Tuesday, September 22, 2009

Vietnam is in Our Boardroom: Or, Everyone is a Colonist to Someone


Shelton has been doing a great job with this season of Mad Men over at his blog. I do not want to intrude, but I had a few thoughts about this week’s episode. First, I have been rereading Kristin Ross' May ’68 and its Afterlives, a book that I still think is very important, albeit a bit too heavily influenced by Rancière. This last point is not so much meant as a criticism of Ross or Rancière, it just reflects a general problem: how to theorize an event that is itself the impetus behind so much thought, so much theory? Interpreting it through the lense of one theorist (why not Deleuze, Badiou, Foucault, the situationists?) seems like an unfortunate reduction. But, I digress…


Anyway, at some point in her book she discusses the role that the anti-colonial struggles, Algieria and Vietnam, played in radicalizing French politics, making way for the famous events of May. One example of this is the phrase “Vietnam is in Our Factories.” The phrase is taken from a Fiat strike in Turin, but in Ross’ view it captures some of thought and action of the French sixties, in which the direct and brutal exploitation in the colonies exposed exploitation at the heart of the West. Such an idea can even be traced back to Marx, who recognized the necessity of primitive accumulation, and thus of violence in the more open colonies. As Marx writes, “In the old civilized countries the worker, although free, is by a law of nature dependent on the capitalist; in the colonies this dependence must be created by artificial means. ”

What does any of this have to do with Mad Men. Well after watching last weeks episode I thought about the phrase that Ross cites, or my own twist on it. This was my reaction to the brutal and shocking scene at the center of this week’s episode. [Spoiler alert] I am referring to the scene in which the hapless secretary, Lois, runs over Guy Mckendrick’s foot with a lawn mower in the offices of Sterling-Cooper. The riding lawnmower is Ken Cosgrove’s trophy from his latest victory, securing the John Deere account. This scene, which is shot with all of the conventions of cinematic violence (the blood that spatters across the faces and shirts of Sterling Cooper’s junior executives), is a shock because it is such a departure from the show’s aesthetic of smoldering understatement. What does it have to do with Vietnam? Well for starters in a few moments before, at the company party, members of the staff were discussing the escalating war in Vietnam. The blood and screams that follows a few seconds later feels like an interruption of traumatic reality at the heart of the shows fantasy of the sixties. One of the interesting things about this season is the way in which blood and violence has gradually begun to enter the show’s frame: Gene’s war souvenir, the self-immolation of a Monk, and Medgar Evers’ ghostly presence. The bloody foot, and the shattered life of a young man, is then just part of the escalation.

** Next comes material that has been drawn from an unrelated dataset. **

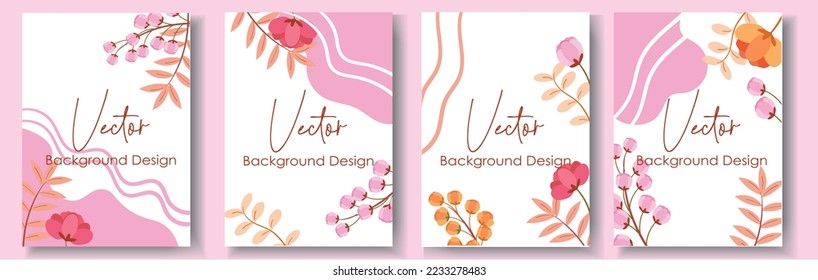 Colección de elementos florales coloridos en color plano. Conjunto de flores silvestres de primavera y verano, plantas, ramas, hojas y hierbas. Dibujo manual de vectores de flores para decoración, sitio web, gráfico y tienda.
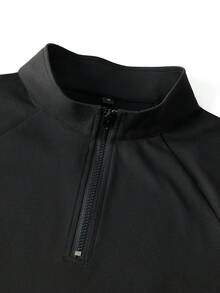 Men's Black Half-Zip Stand Collar Long Sleeve T-Shirt, Raglan Sleeve, Minimalist Commute Solid Color Basic Pullover Layering Base Top - Black - View 8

Beyond that, the scene got me thinking about the way in which the particular episode is all about colonizers and colonized. First, there are the obvious references to Sterling Cooper’s new British owners (I forget the company name) arriving for an inspection visit on the eve of the Fourth of July. Beyond that the episode is riddled with visual cues of empires that have fallen: Japanese and British armor decorate the halls, a member of the company is sent to the new offices in Bombay, and so on. Beyond these literal colonies there is the way in which the past weighs on the present. The moment before the violent explosion of blood is also framed by Joan and Peggy’s discussion of their different attempts to deal with the crushing weight of patriarchy: Joan’s attempt to marry her way out of the office and Peggy’s difficult climb into the male dominated world of copywriting. Their different routes out of the restricted life of secretary have led to conflicts between them, but Peggy is trying to make peace, a peace founded upon a recognition of their shared condition as women in the sixties. Lastly, there is the story that frames the episode, Sally Draper’s difficulty in dealing not so much with the death of her grandfather, but his apparent rebirth in the form of her brother. (After all, he looks the same, and even sleeps in the same room). What can these be, but the ultimate colony: the way in which the past, dead labor, constantly determines the fate of the future. Sons try to be their fathers, daughters are shaped to be like their mothers (complete with Barbie) and colonies eventually become colonizers.

Thus, to close with Marx:

“The tradition of all dead generations weighs like a nightmare on the brains of the living. And just as they seem to be occupied with revolutionizing themselves and things, creating something that did not exist before, precisely in such epochs of revolutionary crisis they anxiously conjure up the spirits of the past to their service, borrowing from them names, battle slogans, and costumes in order to present this new scene in world history in time-honored disguise and borrowed language.”

1 comment:

Shelton Waldrep said...

Really good observation about the slow encroachment of blood and violence. I didn't quite know what to make of the John Deere episode, but I think you are right--it's sort of a Vertov moment, like the use of red in _La Chinoise_. They all have blood on their hands (they just don't know it yet).